Even if 1% of probelms are solvable by narrow AI, it’s fine, those problems can be solved

There’s economic arguments as well, we can have 100s of thousands

Soliving world hunder, requires AGI, individual problems (farming, logistics) can probably be solvable by ANI

Footnotes

  1. (cure cancer, feed everyone, end poverty)

  2. (bioweapons, misinformation, military super weapons)

  3. Yes, narrow AI is an existing term that maybe could have worked here instead of defining a new term (NASI), but given the lack of a standard definition for “AI”, I felt it important to distinguish NASI from any program that solves MNIST.

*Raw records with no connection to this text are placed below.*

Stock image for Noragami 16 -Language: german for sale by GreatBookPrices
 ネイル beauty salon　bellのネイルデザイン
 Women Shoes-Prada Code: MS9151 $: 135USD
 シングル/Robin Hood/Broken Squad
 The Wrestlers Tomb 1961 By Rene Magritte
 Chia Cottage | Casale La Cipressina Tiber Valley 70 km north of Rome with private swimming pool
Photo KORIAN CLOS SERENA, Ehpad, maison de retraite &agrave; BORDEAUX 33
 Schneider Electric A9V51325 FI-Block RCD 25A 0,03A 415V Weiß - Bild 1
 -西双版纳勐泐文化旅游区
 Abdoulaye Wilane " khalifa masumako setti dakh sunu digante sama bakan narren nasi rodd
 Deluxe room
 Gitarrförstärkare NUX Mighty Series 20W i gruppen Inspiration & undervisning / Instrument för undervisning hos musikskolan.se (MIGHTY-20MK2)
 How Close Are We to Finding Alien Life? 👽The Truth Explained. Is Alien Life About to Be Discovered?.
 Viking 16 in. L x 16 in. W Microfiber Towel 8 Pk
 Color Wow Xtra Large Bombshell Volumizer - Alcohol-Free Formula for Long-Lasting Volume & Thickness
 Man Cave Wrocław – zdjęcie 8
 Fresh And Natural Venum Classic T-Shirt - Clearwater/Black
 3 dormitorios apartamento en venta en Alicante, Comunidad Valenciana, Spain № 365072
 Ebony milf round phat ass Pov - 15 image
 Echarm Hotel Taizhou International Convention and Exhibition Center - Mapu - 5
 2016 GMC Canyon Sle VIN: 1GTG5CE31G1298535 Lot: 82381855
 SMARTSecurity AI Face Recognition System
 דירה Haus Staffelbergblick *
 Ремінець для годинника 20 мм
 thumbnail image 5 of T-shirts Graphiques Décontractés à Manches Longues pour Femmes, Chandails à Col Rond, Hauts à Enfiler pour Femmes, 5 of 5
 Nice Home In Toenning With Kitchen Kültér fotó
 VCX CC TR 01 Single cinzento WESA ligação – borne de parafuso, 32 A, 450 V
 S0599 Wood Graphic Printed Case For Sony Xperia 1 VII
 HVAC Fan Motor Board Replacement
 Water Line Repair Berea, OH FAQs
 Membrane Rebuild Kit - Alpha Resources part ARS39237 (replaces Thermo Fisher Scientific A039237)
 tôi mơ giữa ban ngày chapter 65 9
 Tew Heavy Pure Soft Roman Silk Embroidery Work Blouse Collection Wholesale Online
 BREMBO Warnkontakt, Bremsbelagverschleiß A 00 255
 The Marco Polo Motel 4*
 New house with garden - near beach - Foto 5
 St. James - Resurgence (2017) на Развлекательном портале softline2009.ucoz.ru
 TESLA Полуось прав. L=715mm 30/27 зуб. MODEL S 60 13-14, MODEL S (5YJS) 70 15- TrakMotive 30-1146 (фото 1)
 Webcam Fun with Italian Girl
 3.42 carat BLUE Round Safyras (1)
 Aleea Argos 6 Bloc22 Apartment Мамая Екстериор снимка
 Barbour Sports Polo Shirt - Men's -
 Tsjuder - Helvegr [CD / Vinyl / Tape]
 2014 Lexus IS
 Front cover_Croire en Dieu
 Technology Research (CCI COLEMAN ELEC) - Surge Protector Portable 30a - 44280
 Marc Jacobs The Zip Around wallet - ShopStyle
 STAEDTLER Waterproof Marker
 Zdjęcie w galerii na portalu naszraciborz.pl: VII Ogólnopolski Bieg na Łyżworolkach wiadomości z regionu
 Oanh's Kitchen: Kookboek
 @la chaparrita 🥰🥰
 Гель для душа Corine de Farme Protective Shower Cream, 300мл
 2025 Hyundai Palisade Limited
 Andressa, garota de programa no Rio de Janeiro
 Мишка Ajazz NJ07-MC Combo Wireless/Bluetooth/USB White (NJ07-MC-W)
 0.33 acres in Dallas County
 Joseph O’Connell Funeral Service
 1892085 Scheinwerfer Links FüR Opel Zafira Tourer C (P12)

  4. Also via photo/video or other multi-media, but in general we give ASI the ability to communicate in a general purpose way.

  5. I didn’t intend this to be a DeepMind shill-piece, but they’ve done a lot of very impressive and obviously-impactful narrow ASI research. I’m less inclined to include research on video-game AIs because it’s a bit clearer how that could lead to strategy, deception, and manipulative behaviour being learnt and how these AIs could learn to influence human behaviour by being very good at these video-games.

  6. For the rest of this essay I’ll use AlphaFold and protein folding as an example NASI because it was largely unexpected and is clearly super human, but NASI could equally apply to AlphaGo, StockFish, or other models where the output is sufficiently constrained.